I knew that we wouldn’t have been going after the same project, as this project was actually from a small web development firm, not directly from the government agency as my colleague had suggested. But there was a brief pause, perhaps suggesting a moment of concern that we had been going after the same work.
In business school, we talked some about SWOT analyses – that is, strengths, weaknesses, opportunities and threats of a business venture. Specifically, what gives a business an edge over other businesses are strengths, what disadvantage a firm are weaknesses, what external opportunities exist are opportunities and what external threats can cause trouble are threats.
I’ve never done a formal SWOT analysis of Lebsontech, and I don’t think much about competitors.

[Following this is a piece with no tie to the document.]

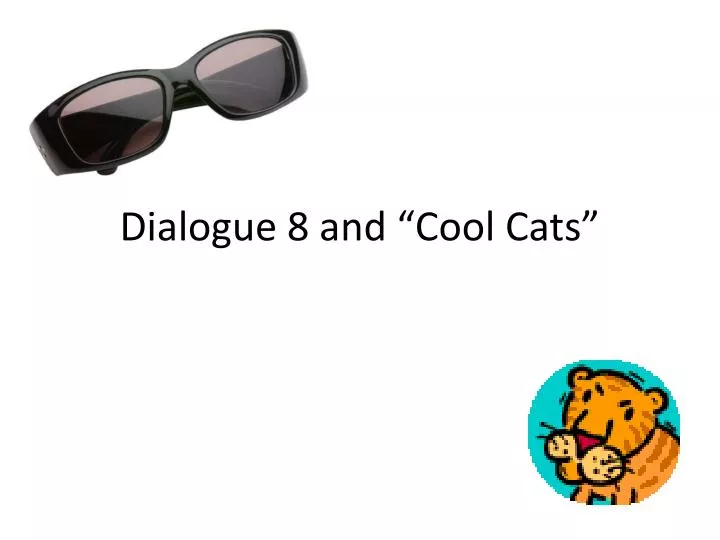 dialogue 8 and cool cats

My colleagues have been a source of opportunity for me and I rarely, if ever, find myself competing with anyone for work. Work either comes to me or it doesn’t – if it doesn’t, so be it; there is other work out there.
Usability was also listed as one of the US News & World Report’s top careers for 2008 and 2009. Although it didn’t make the 2010 list, it is pretty clear that the demand for usability is greater than the existing supply. In other words, there is enough work to go around for each in his or her particular area of interest.
And it’s a nice feeling to be surrounded by colleagues, not competitors.